▸ **Available records**
══════
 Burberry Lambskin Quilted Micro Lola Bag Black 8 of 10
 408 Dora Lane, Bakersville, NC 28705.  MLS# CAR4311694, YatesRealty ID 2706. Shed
══════
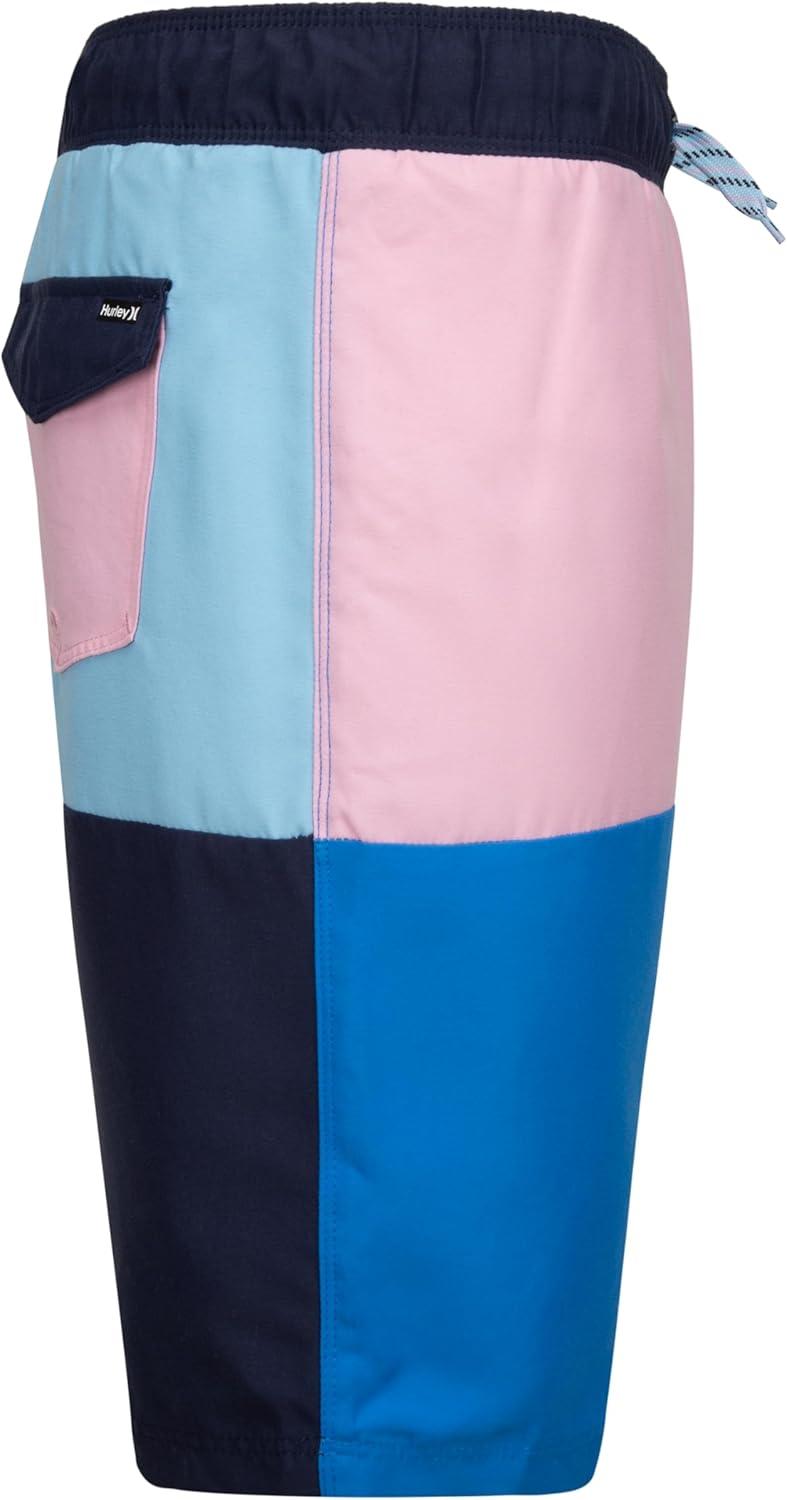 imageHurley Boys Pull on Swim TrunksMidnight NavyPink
══════
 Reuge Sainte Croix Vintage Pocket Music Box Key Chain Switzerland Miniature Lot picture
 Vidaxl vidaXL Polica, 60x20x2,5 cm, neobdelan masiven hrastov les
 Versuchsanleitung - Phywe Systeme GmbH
══════
▸ **Exercise**
With the line that has "Burberry Lambskin Quilted" as the first and the line that has "408 Dora Lane, Bakersville, NC" as the last, repeat exactly that run of lines above and no more.

▸ **Answer area**
 Burberry Lambskin Quilted Micro Lola Bag Black 8 of 10
 408 Dora Lane, Bakersville, NC 28705.  MLS# CAR4311694, YatesRealty ID 2706. Shed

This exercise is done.